Elfcrusher wrote:Or does it represent the tainting of your own "soul"? This gets back to the earlier discussion about running away to save your own skin. Is it evil? I don't think so. But certainly you don't escape unscathed, emotionally, for abandoning your friends.
Cheating on tests is a good analogy: even if you get away with it, you are teaching yourself that cheating works, and by not mastering the material you are increasing the likelihood that you will need to cheat in the future. That is, you are turning yourself incrementally into a Cheater.
So by that measure, even if it is entirely justified to kill a fleeing/surrendering opponent, even if it's an orc, when you do so you have just taken one step closer to becoming a Murderer, and you can't help but think of yourself as such. It's not that an uncorrupt, pure soul would refuse to kill such an opponent on reasoned ethical grounds, it's that he just couldn't bring himself to do it. When you have your character kill in such a way, you are in effect saying, "My character is the kind of person who could/would do that."
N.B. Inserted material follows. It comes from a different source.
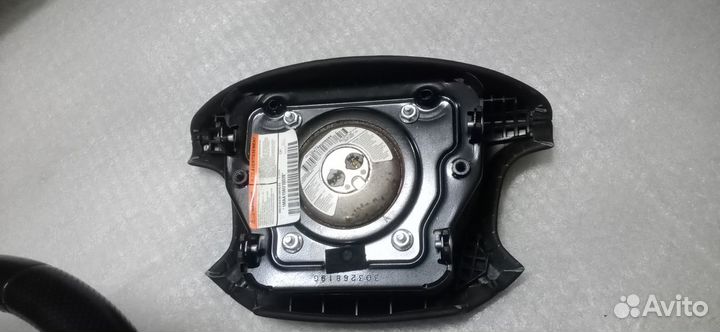 Руль с подушкой кожа Jaguar S-type 2007 г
I like this, a lot, and may nick the words to show my players next time I run a game of The One Ring. The shadow mechanic is not something that the players should be scared of. Instead, embrace this part of the game. The loss of Hope is, I think, an inevitable part of the adventuring life. The choices adventuring puts in your path means that difficult decisions are going to have to be made, and there are consequences for those decisions. Characters faced with taking life frequently should become grimmer and hardened. Only those who live in the protected areas can have the luxury of hope. The rest see the darkness in the world, and have decided to take a stand against it. All you can hope for is to retire before you become the monster you fight. It will be willpower alone that stops this.